What it has also revealed is the poor approach of management in most of these situations. It may be arrogance – a belief that management proposals can always be implemented because the employer wants to, irrespective of the views of employees. Or it could be a refusal to believe that people will do something so ‘stupid’  – they won’t vote to strike and lose pay before Christmas (just like they won’t vote to leave the EU or for a dancer as poor as John Sergeant). Mostly however I suspect it’s a lack of competence – managers, including many in HR, just don’t know how to negotiate on a collective basis. It’s interesting that several of the disputes have been quickly solved when expert negotiators from ACAS have become involved.

So perhaps that’s another Brexit issue for HR people – the need to brush up on, or even gain in the first place, the knowledge and skills to manage employee relations. As someone who cut their HR teeth in this area, I’m looking forward to some full and frank discussions with trade union colleagues in the coming months and years!

Anger, Brexit and Moving Forward

I was reluctant to write a post about last week’s EU referendum. Enough keyboard warriors have already given their reactions, opinions and solutions. But a couple of recent posts and comments from HR people have changed my mind.

First, let me state that, as a Remain voter, I’ve been through anger, disbelief, shock and all the other emotions that many others (like this, this and this) have also experienced.  It’s small consolation to live in a city which voted overwhelmingly to remain and where I’ve yet to meet anyone who’s anything other than horrified by the result and its implications for them and their children.

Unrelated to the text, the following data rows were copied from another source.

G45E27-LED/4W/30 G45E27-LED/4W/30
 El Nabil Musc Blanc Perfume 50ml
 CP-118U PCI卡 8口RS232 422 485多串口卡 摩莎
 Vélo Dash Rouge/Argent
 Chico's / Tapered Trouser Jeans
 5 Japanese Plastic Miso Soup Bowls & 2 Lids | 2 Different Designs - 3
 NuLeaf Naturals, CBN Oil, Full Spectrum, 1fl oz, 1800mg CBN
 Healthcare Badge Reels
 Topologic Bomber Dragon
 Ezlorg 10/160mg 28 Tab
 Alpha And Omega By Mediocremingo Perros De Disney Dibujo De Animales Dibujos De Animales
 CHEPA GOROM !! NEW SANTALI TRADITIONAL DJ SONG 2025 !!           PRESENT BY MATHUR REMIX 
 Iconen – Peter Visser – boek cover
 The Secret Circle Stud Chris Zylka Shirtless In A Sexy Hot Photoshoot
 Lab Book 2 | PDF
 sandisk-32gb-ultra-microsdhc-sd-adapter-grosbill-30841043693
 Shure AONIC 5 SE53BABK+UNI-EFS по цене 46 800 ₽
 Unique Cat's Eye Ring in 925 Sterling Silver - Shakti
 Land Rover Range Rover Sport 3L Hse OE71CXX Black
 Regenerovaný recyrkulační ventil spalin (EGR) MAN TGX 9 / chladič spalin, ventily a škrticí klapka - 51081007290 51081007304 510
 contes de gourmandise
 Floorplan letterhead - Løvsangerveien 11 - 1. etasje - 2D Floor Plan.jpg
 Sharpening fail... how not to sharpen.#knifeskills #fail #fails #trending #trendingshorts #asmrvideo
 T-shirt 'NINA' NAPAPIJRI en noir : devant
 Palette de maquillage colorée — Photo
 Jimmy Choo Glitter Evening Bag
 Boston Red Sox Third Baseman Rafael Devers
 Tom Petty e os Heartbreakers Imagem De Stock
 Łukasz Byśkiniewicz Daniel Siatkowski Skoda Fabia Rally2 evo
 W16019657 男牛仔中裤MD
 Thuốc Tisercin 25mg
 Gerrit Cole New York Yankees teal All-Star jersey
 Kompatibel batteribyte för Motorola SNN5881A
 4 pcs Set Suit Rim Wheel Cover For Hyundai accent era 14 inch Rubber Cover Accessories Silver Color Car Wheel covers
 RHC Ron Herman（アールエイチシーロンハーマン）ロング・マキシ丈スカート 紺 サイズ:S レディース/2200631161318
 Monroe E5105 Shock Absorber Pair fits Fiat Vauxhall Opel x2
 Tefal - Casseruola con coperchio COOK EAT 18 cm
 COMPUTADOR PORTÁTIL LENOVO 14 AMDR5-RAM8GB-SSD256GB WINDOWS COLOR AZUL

But what I will not do is get involved in a blame game. People who voted Leave did so for a variety of individual reasons – some will have had well thought out principled arguments, some were out and out racists, some had a rose-tinted and nostalgic view of England in the 1950s and some were just conned by the duplicitous snake-oil salesmen leading the Leave campaign.  To start trying to demonise the old, or working class people from the de-industrialised north, or those who live in rural areas, or those without a degree, for the way they voted is neither constructive not helpful. Indeed, the demonising of certain groups, particularly by politicians (and I don’t just mean UKIP) is the sort of tactic that has led us to the present situation.

We talk in HR a lot about “engagement” – an ill-defined concept which provokes a range of reactions from evangelism to cynicism. But I remember in one discussion a colleague saying “I can’t really describe what an engaged employee looks like – but I certainly know what a disengaged one is”. What we saw last week was the result of a disengaged population who wanted to kick back against something. As an old boss of mine used to say when discussing union negotiations, “when you’re in a lose/lose situation, do what you want to do”. And that’s what they appear to have done.

The UK seems to be in a collective Kubler-Ross curve at the moment. But the only way we will move forward to is get past the denial and anger stages and start to make the best of our new circumstances.  And maybe that means applying some of the ideas we use to try to improve employee engagement on a wider basis.